Après le cultissime Ilium, dans lequel, toutes les fulgurances fascinantes se retrouvaient pour nous offrir une guerre de Troie futuriste, où les destinées humaines, les projets des dieux, et l’esprit grec convergeaient soudainement sous la plume d’un Dan Simmons qui se faisait un tendre plaisir à les réinventer, l’auteur prolifique américain nous envoie une suite et fin, aux accents des plus homériques : Olympos. Retour donc, au temps d’Ilium, où l’Olympe était ce repère des dieux qui, sorte de post-humains, détenaient des pouvoirs illimités, une immortalité totale, et devaient cela, aux développements considérables de la science. Retour également à un temps où l’Olympe voit l’espèce humaine en pleine débâcle, risquant sa disparition définitive. Retour à l’univers du premier tome. Retour à la guerre meurtrière et totale qui opposaient les dieux aux Troyens et aux Achéens qui avaient tenté de s’associer dans cette furieuse entreprise contre ces dieux touts-puissants..

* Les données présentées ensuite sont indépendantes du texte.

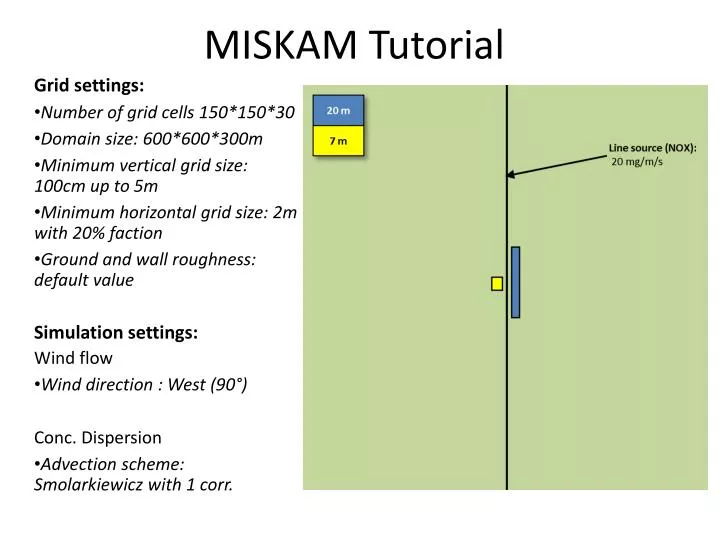 miskam tutorial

C’est vrai : la mythologie grecque est bien connue pour cela : nous conter les aventures de ces « pôvres » humains cupides et mortels qui, un jour de grande folie, ont désespérément tenté de braver les dieux dans leur incroyable grandeur. La suite d’Ilium met en scène un Achille et un Hector furieusement lassés de s’entretuer sous les regards de ces dieux bienheureux et immortels, habitant le mont Olympos, et s’amusant à observer de leurs hauteurs, ces pauvres aptères d’humains se déchaînant dans le bruit et la fureur que seul un fou peut conter. Décidés à continuer la guerre totale, Achille et Hector se sont unis. Et ainsi, Achéens et Troyens ont conclu de se lancer ensemble à l’assaut de la forteresse martienne…

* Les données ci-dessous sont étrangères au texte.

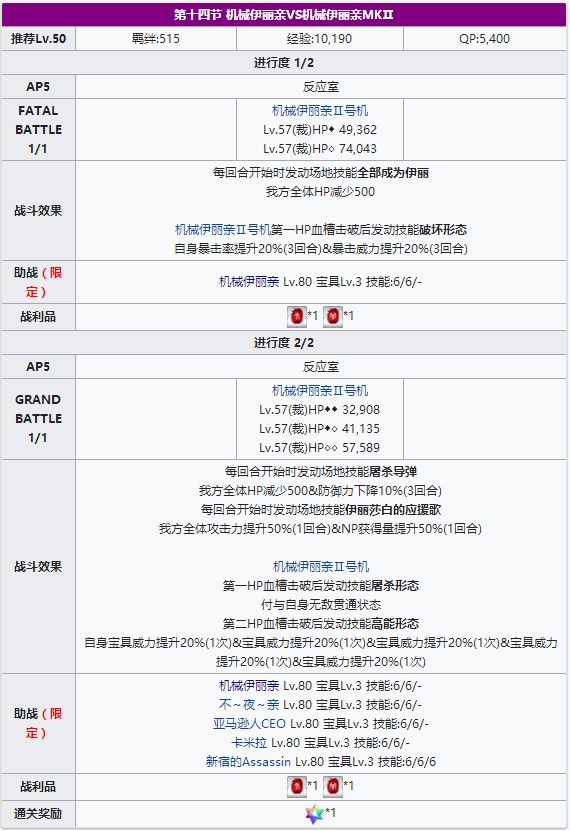 《FGO》万圣节三期第十四节配置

Dans ces guerres ouvertes, menées de main de maître par les Moravecs, diverses intrigues et sous-intrigues prennent jour. Et au centre, Dan Simmons, avec le souffle et l’ambition qu’on lui connaît, nous raconte l’histoire des derniers hommes, apprenant, dans une tentative presque désespérée, à se battre pour leur survie… alors que sur la planète Terre, les Elois, déchus, sont amenés à se débrouiller seuls. Obligés de tout réapprendre : de la découverte du feu à l’organisation de la Cité. Désordres et chaos, souvent décrits dans les romans de SF, dans un monde humain, réduit à un monde machinique.
Conçu comme un seul et même livre en deux volumes, Ilium et Olympos forment une oeuvre foisonnante, déjantée et hallucinée… En prise avec les questions bioéthiques, géopolitiques, et épistémologiques modernes et contemporaines, Dan Simmons montre ici un souci certain à propos de la très brûlante question de l’avancée fulgurante des techniques et de la science, avec pour horizon indépassable et inexorable, la disparition de l’espèce humaine en tant que telle. Que ce soit les robots semi-organiques ou ce panthéon de dieux grecs littéralement « shootés » aux nanotechnologies, la question éthique que posent toutes les technologies de notre futur guère si lointain, est au centre même de ce deuxième tome.
Avec une totale maîtrise de l’écriture, Dan Simmons donne un souffle unique à un texte épique et halluciné, nous proposant une relecture littéralement colossale de la mythologie grecque. Que dire ? L’ambition de l’entreprise donne à l’œuvre un souffle puissant, la propulsant sans mal à des milliers d’années-lumière du piètre infini littéraire qu’on vous sert aujourd’hui aux cantines de la littérature française, ce micro-infini mis à la portée des caniches…
Les deux tomes représentent plus d’un millier de pages. Des pages qui touchent parfois au génie littéraire… Des pages qui nous étonnent et nous épatent bien souvent, parfois nous agacent, aussi nous intriguent…
Rien à dire : Olympos est un véritable sommet de la littérature SF. Un pic dans le genre du Space opéra. Promesses tenues… Dan Simmons nous livre un roman intelligent, érudit, et brillamment construit. Un subtil festin de références et de citations.
Pour lecteurs avertis.
Dan Simmons, Olympos, Robert Laffont, 2006.
Chronique parue dans Galaxies, n°39, Printemps 2006.